### Try it
Starting at the line that contains "Alright, so now", return every line through the end of the data exactly, without pictures.

### Source material
* * *

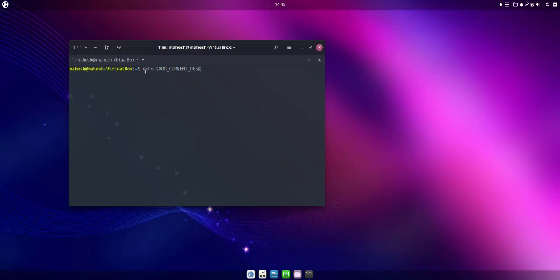Now if we hit enter it should show the version of desktop environment, or simply the name. So this is Ubuntu Bungie and it is based on GNOME, so that is displayed here.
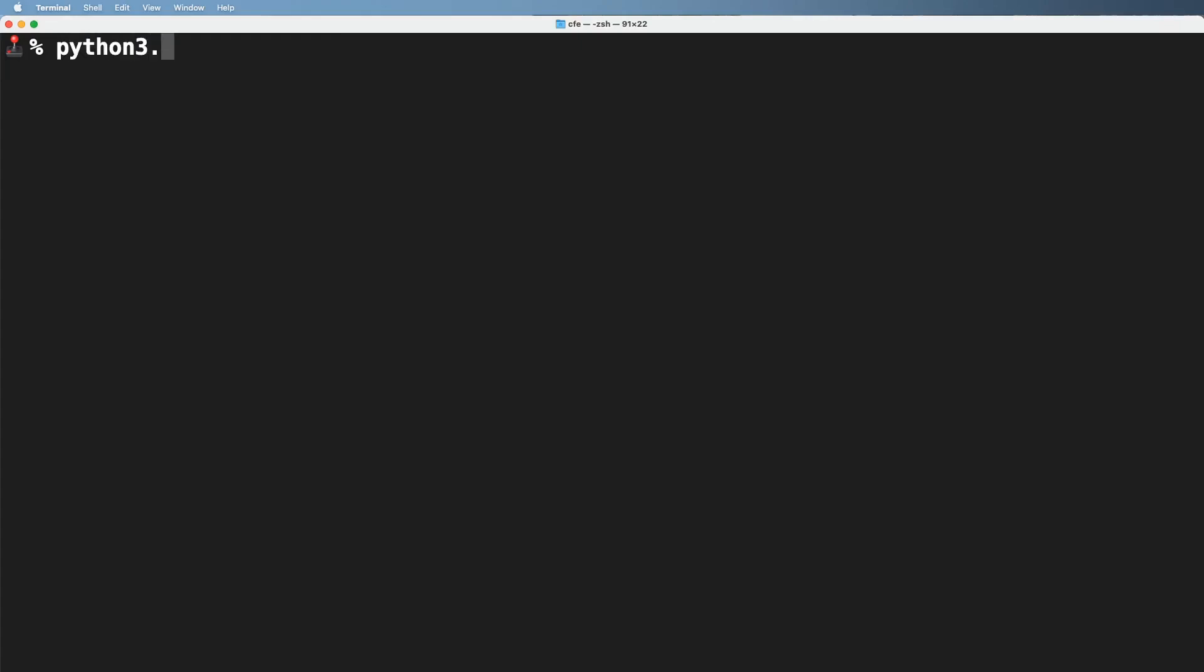Alright, so now that we have Python 3.6 installed, we can verify it by typing out the command to execute Python, which is just this command Python 3.6, and then dash capital V. That gives us that version.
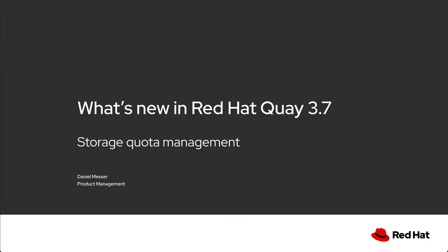Hello, this is a demo of the new storage quota management functionality introduced in Red Hat Quay 3.7. My name is Daniel Messer, I'm the product manager for Red Hat Quay and I'm going to take you on a quick tour through this new management capability.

* * *

### Output of the exercise
Alright, so now that we have Python 3.6 installed, we can verify it by typing out the command to execute Python, which is just this command Python 3.6, and then dash capital V. That gives us that version.
Hello, this is a demo of the new storage quota management functionality introduced in Red Hat Quay 3.7. My name is Daniel Messer, I'm the product manager for Red Hat Quay and I'm going to take you on a quick tour through this new management capability.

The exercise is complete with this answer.